Video World-State Agent with Persistent Character Memory

A stateful agent that maintains a structured ‘world model’ (characters, props, locations, timeline) across a multi-session video project and uses it to enforce continuity in every new generation call.

Difficulty: 1-month | Stack: Python, FastAPI, Claude API (extended thinking for scene reasoning), Replicate API (video + image gen), SQLite via SQLModel, React + shadcn/ui for project dashboard

Who this is for

Solo filmmakers and YouTube storytellers producing serialized content (web series, explainer sequences) who lose hours to continuity errors — wrong costume, missing prop, changed lighting — between shooting sessions.

Build steps

Design a world-state schema in SQLite: characters (name, appearance_description, last_seen_frame_url), locations (name, visual_description, reference_image_url), props, timeline_events.

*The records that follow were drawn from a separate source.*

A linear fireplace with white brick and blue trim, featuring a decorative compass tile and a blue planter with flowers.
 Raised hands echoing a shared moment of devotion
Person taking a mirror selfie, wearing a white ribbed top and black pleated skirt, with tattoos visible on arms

Populate it from the user’s initial project brief via an LLM extraction pass.
Build a ‘continuity injection’ layer: before every video generation API call, query the world state for relevant entities in the scene, have the LLM compose a dense visual-consistency preamble, and prepend it to the generation prompt.
Add a post-generation verification step: extract a frame from each generated clip, run it through a vision LLM with the world-state description, and flag continuity breaks (e.g., ‘character shirt changed from blue to red’) with a confidence score.
Implement a refinement loop: if continuity score < threshold, automatically re-generate the clip with an augmented prompt that explicitly corrects the flagged inconsistency, up to 3 retries.
Build a FastAPI backend exposing project CRUD, generation jobs (queued via background tasks), and world-state inspection endpoints.
Ship a React dashboard showing the project timeline, each clip’s continuity score, flagged issues with frame thumbnails, and a world-state editor so users can manually correct character descriptions when the model drifts.

Risks

Vision LLM continuity checks are noisy — false positives will trigger expensive unnecessary re-generations, and false negatives will let real errors through; calibrating the threshold requires a real test set of video pairs which takes time to collect.
Video generation APIs do not accept reference images as strong conditioning signals in most models today, so the world-state preamble is purely textual and continuity enforcement is probabilistic rather than guaranteed — the core value prop is undermined by model capability limits.
Managing async generation jobs (retries, partial failures, cost guardrails) for a multi-clip project is a significant infrastructure problem that can easily consume 2-3 weeks of the 1-month budget if not scoped carefully from the start.